The renewed Action Plan on Return calls on the European Border and Coast Guard to make full use of its new mandate and develop new ways of supporting Member States, already this year. The Agency should step up 'pre-return' activities, including in supporting identification of irregular migrants and the delivery of travel documents for return. The Agency should also organise identification missions from key third countries with participating authorities issuing travel documents during or immediately after such missions.

The European Border and Coast Guard should also put in place a commercial flight mechanism to assist Member States in carrying out returns to financially support both voluntary and forced returns. In this regard the Agency should negotiate framework agreements with airline companies to set out the general conditions for the use of commercial flights and to ensure that a number of seats can be rapidly made available on board flights to key return destinations.

The role of the European Border and Coast Guard will however remain a supporting one. Member States are responsible for the issuing and enforcing of return decisions. The rights and obligations of migrants will always have to be assessed and determined individually, including against the risk of non-refoulement.

How does the EU contribute to the financing of return operations?

The Commission is providing substantial financial assistance to support Member States in carrying out effective returns, mainly through its Asylum, Migration and Integration Fund (AMIF). For the 2014-2020 period, Member States allocated around EUR 806 million from AMIF funds to support their return and readmission activities. In 2017, the Commission will make available an additional EUR 200 million to further increase Member States' capacity to scale up returns. More EU funding will also be available to reinforce the cooperation between the EU and its partner countries in the field of readmission under the Readmission Capacity Building Facility.

What is being done to improve cooperation of countries of origin when it comes to readmission of their own nationals?

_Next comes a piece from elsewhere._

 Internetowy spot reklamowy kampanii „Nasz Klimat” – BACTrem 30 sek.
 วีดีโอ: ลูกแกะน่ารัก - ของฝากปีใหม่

Readmission of a country's own nationals is an obligation under international law. However, many countries do not cooperate on readmission in practice. Over the past two years, the Commission has intensified efforts to enable countries of origin to implement their legal obligation to readmit their nationals. Work is ongoing with countries that are the main source of irregular migration to establish frameworks for cooperation on migration but also conclude concrete agreements on readmission and enhance substantially operational cooperation.

  • EU readmission agreements: The EU has so far concluded 17 readmission agreements (see full list here). Over the past two years the Commission, supported by the Member States, closely monitored the implementation of these agreements and will continue to do so. The Commission also advanced negotiations on new readmission agreements. Negotiations with Belarus are now almost finalised. New ones were launched in 2016 with a first reading of the proposed agreement with Nigeria, Tunisia and Jordan and the Commission will work towards swiftly concluding these negotiations and strive towards engaging further in the negotiations with Morocco and Algeria.
  • Migration Partnership Framework: In June 2016, the Commission launched a new Migration Partnership Framework with third countries to better manage the external aspects of migration together. Within the new Framework, the European Union and its Member States will continue to employ their collective leverage in a coordinated and effective manner to agree tailor-made approaches with third countries to jointly manage migration and further improve cooperation on return and readmission. More information on the progress made in the implementation of the Migration Partnership Framework can be found in the third progress report published today.